La ira es una respuesta ante lo que se experimenta como una amenaza, reafirma la identidad y también protege cuando se necesita del vigor iracundo para enfrentar la agresión, pero aunque en un primer momento nos protege, acunarla en nuestro interior nos daña, por eso a la ira alimentada hay que curarla o afectará a nuestra salud. Se presenta de muchos modos y con distintos nombres: resentimiento, odio, intolerancia, irritabilidad, etc. Cuando la ira nos posee, lo común es el malestar y el deseo de confrontar con el otro y corremos a lanzar mensajes de odio o a sacar las cosas de su contexto sin darnos cuenta de que perdemos el tiempo de atendernos y curarnos a nosotros mismos.
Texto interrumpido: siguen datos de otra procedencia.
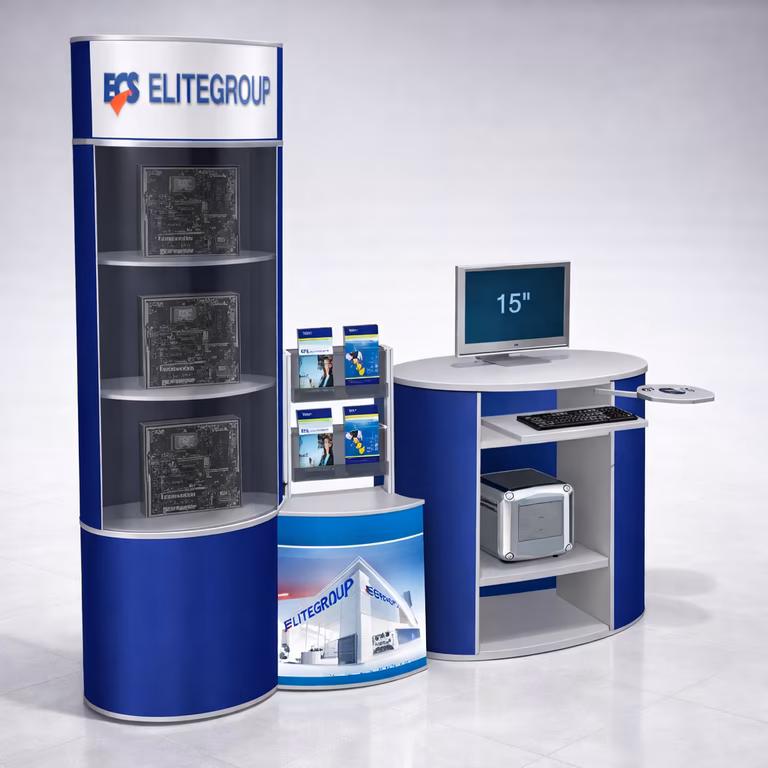 Stand de feria para ECS Elitegroup con placas base de ordenador, folletos, un monitor con la etiqueta "15" y equipos electrónicos sobre soportes azules y blancos.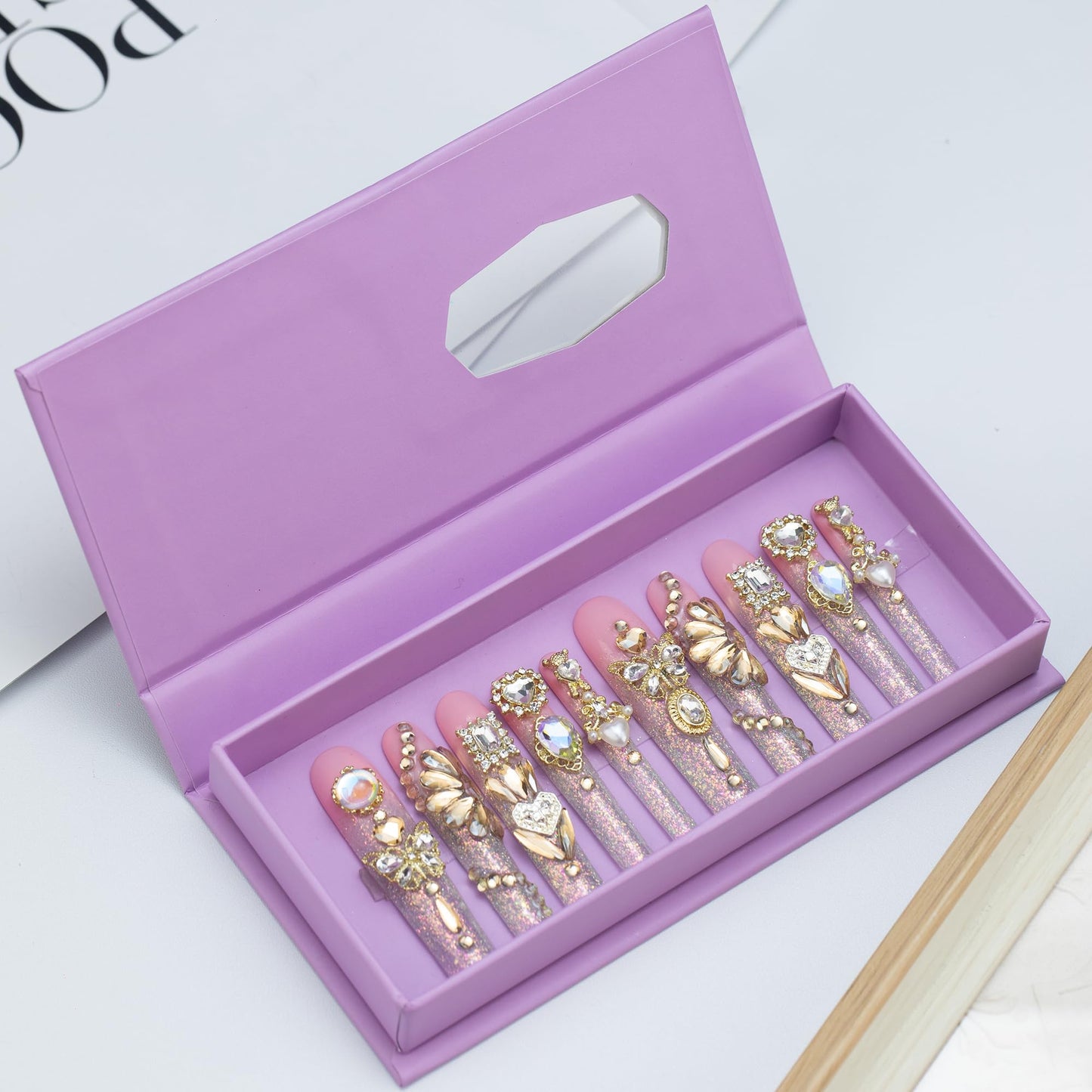 Tmani 10pc/set Extra Long Handmade Press On Nail Hot Girl's Long Ballet Nails Square Nail Full of Diamond Glitter Decoration Fake Nails Suitable For Girls Festival Parties and Birthday Gift(Pink,S)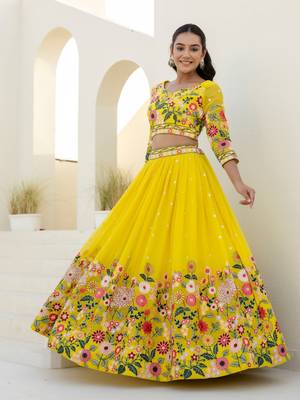 Yellow Organza Floral Embroidered Lehenga with Blouse & Dupatta Set 2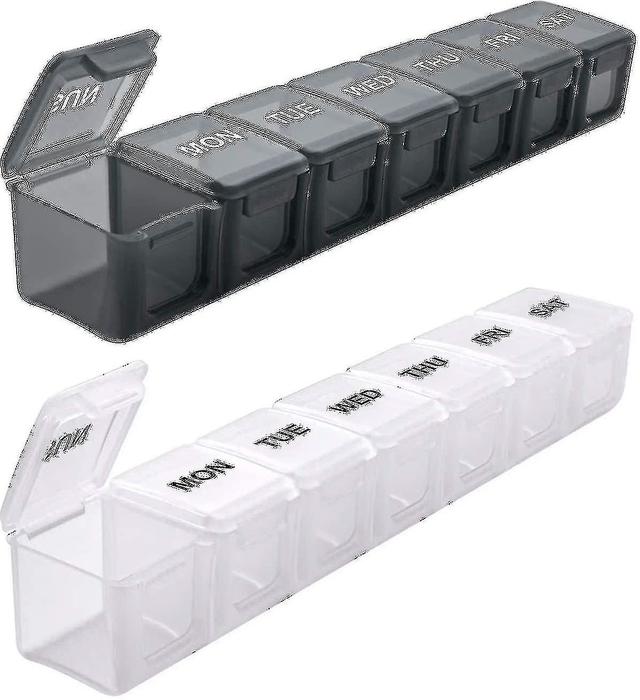 Extra Large Weekly Pill Organizer 2 Pcs, Pill Cases For Pills/vitamin/fish Oil/supplements (black And White) on Productcaster.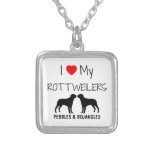 Custom I Love My Two Rottweilers Silver Plated Necklace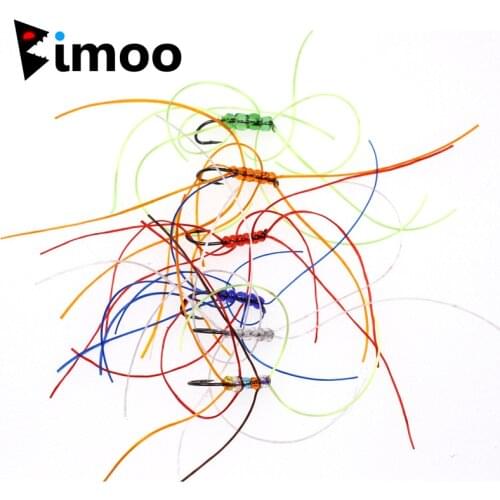 Bimoo 6pcs/box Mix Color Micro Flex Worm for Trout Fly San Juan Worm Earthworm Hand Tied Fly for Trout Blood Worm Fly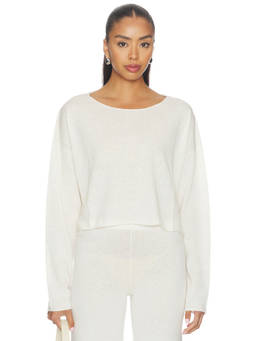 Eterne - Women's Cropped Boat Neck Long Sleeve Crop Top Ivory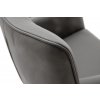 Jídelní otočná židle LIMONE 2E s područkami, pravá kůže antracit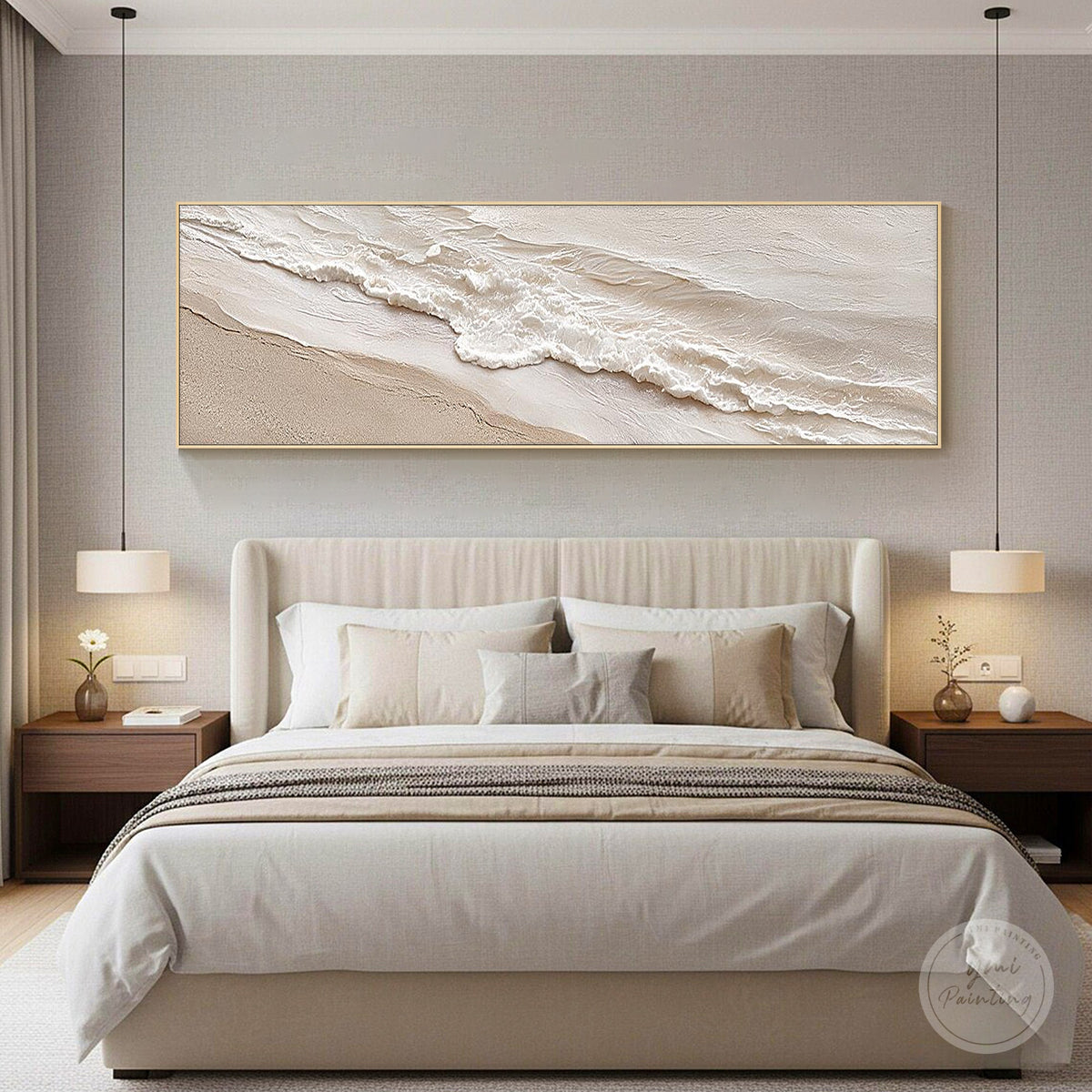 Modern coastal wall art with layered neutral wave textures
Es natural que en un primer momento la sintamos, pero en cuanto nos sea posible limpiemos ese daño, pasada la emergencia si no nos hacemos conscientes llega una disminución en la capacidad para procesar la información interna y externa y se hace crónica, dando lugar a la agresividad verbal o física, se convierte en un estado permanente y deriva en trastornos psiquiátricos o físicos, el iracundo tiene mayor riesgo de sufrir un ictus, su ira facilita un sistema inmunológico más frágil y tiene tres veces más riesgo de sufrir un ataque cardíaco.

La ira, produce una intoxicación de hormonas negativas en el cuerpo. Quizás inmediatamente no se sientan sus efectos físicos, pero si ese estado se mantiene en el tiempo también se harán evidentes sus huellas en el cuerpo. Siéntate, reflexiona, sánate, porque sanarte es amarte.